══ INFORMATION SHOWN ══

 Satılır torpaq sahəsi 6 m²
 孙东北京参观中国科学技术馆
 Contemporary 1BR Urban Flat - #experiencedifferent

═══

* [WORK TASK]:
Nothing in the listing may be changed; retype it all exactly.

* [RESPONSE FOR THIS EXERCISE]:
 Satılır torpaq sahəsi 6 m²
 孙东北京参观中国科学技术馆
 Contemporary 1BR Urban Flat - #experiencedifferent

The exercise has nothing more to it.